> _Data section_
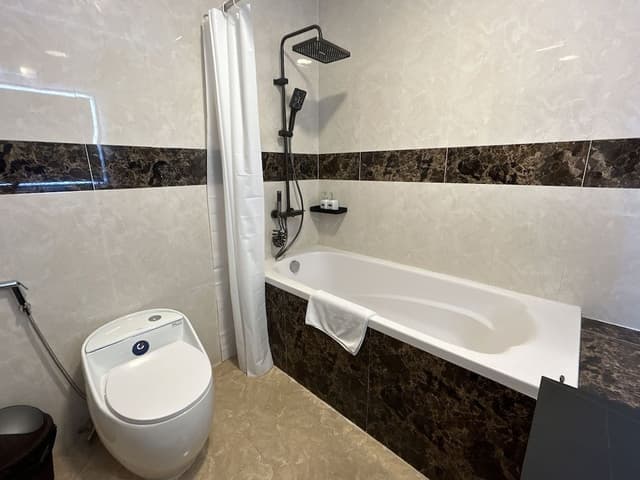 Classic Double or Twin Room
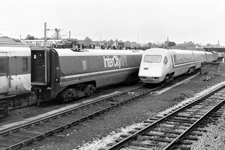 &copy; Peter Heppenstall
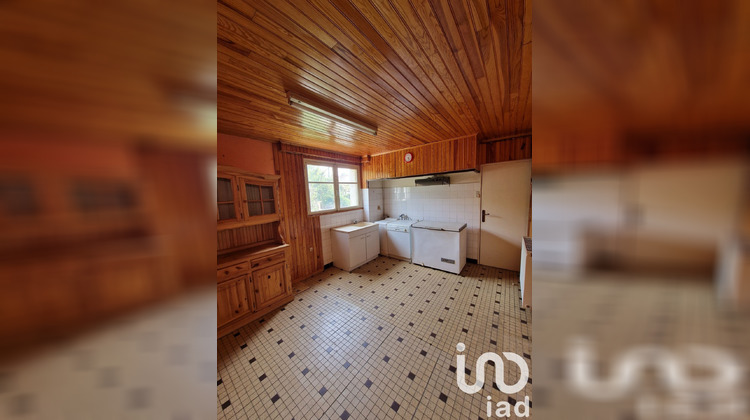 Ma-Cabane - Vente Maison Moissac, 75 m²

> _Work order_
Restate the whole listing above exactly, except for its images.

> _Your solution_
 Classic Double or Twin Room
 &copy; Peter Heppenstall
 Ma-Cabane - Vente Maison Moissac, 75 m²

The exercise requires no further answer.